Exact copies of the lines below are the goal; any images in them are dropped.

Data excerpt -
··········

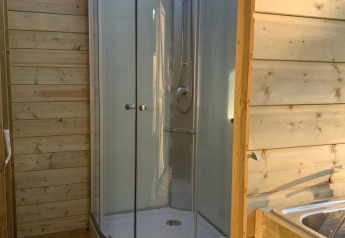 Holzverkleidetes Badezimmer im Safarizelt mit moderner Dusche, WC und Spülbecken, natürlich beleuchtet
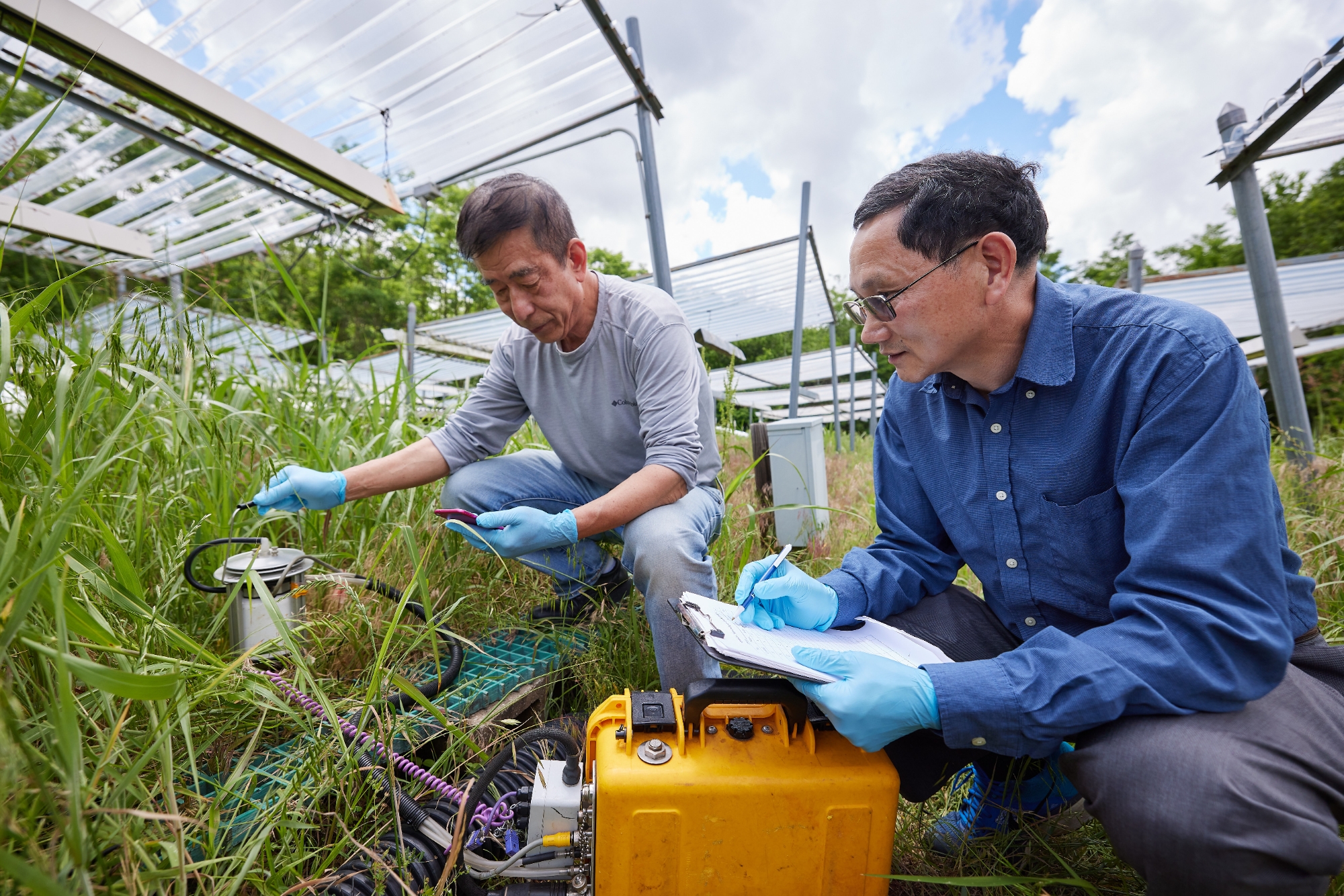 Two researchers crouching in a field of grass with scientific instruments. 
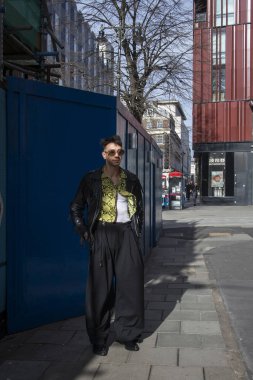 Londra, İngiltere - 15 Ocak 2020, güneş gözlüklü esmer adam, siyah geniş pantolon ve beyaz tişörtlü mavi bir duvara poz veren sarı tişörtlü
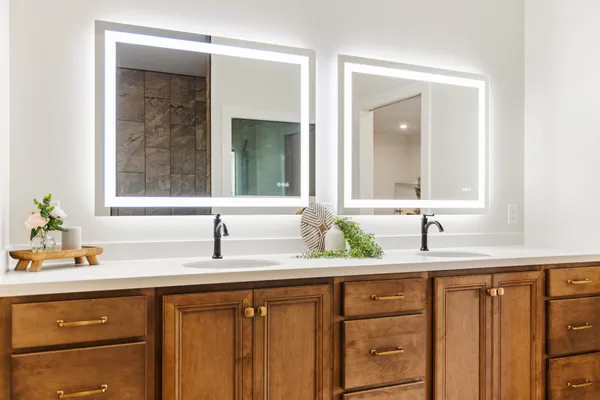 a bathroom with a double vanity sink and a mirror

··········

Response -
 Holzverkleidetes Badezimmer im Safarizelt mit moderner Dusche, WC und Spülbecken, natürlich beleuchtet
 Two researchers crouching in a field of grass with scientific instruments. 
 Londra, İngiltere - 15 Ocak 2020, güneş gözlüklü esmer adam, siyah geniş pantolon ve beyaz tişörtlü mavi bir duvara poz veren sarı tişörtlü
 a bathroom with a double vanity sink and a mirror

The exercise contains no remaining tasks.